Adjusting to a new league and designated-hitter duty has been challenging, and an emergency appendectomy in April abbreviated a good groove. Dunn has only shown glimpses of getting his swing back, and he was batting .178 with seven homers, 29 RBI and 91 strikeouts through Tuesday.
"It's tough as a hitting coach to see one of your guys go through what he's going through,'' Greg Walker said Wednesday. "This is a tough game to play, a tough league and a tough city to play in. It's not going to get any easier. He's going to have to fight through it.''
The latest media criticism of Dunn is for not hitting during the offseason. He has an off-season conditioning routine, he said, but he doesn't hit, which hasn't prevented him from being one of eight players in history to hit 40 homers in five straight seasons. Keep company with Babe Ruth, Duke Snider, Ken Griffey Jr., Barry Bonds, Alex Rodriguez, Sammy Sosa and Alex Rodriguez and nobody cares.

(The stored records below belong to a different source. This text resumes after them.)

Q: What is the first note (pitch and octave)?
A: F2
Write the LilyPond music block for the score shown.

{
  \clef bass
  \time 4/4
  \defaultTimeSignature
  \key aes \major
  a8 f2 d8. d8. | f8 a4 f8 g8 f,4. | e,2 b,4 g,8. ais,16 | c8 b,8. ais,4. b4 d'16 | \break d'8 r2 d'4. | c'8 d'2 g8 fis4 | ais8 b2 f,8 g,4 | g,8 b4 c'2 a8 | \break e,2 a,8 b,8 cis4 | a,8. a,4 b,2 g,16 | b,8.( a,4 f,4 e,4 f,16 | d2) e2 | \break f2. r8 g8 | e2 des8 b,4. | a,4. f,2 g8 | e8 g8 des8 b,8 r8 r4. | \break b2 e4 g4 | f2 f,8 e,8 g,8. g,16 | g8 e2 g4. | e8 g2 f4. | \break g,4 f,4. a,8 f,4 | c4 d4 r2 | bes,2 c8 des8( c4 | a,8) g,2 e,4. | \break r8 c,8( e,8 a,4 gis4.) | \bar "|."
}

Slump big time and lots of experts have lots of suggestions.
"We don't want to change him,'' Walker said. "We don't with players who come over here ... sometimes you have to think out of box and make adjustments, sure, that might be something that has to take place here for him to get going. But we signed Adam Dunn. That's who we're trying to coach. And to be honest with you - and most people would think this is a ludicrous statement -I don't think he's that far away. I think if he gets his body in position to hit he will be Adam Dunn again.
"We've encouraged him to be more aggressive in the areas where he likes to hit the ball. What pitch do you want -- and where -- and don't go up looking for a walk. Get your pitch and hit it. He has a great eye - that's evident.''
Walker said Dunn's bat speed remains exceptional for a hitter his size. His problem boils down to having his big body in the right place at the right time.
"The only thing we're trying to get him to do is get started on time and get his body in position to hit,'' Walker said. "That's been his big miss this year. He's been late and caught back, which puts you too far under in a swing plane. I personally think that's all there's too it.''
There is also the mental side, Walker said.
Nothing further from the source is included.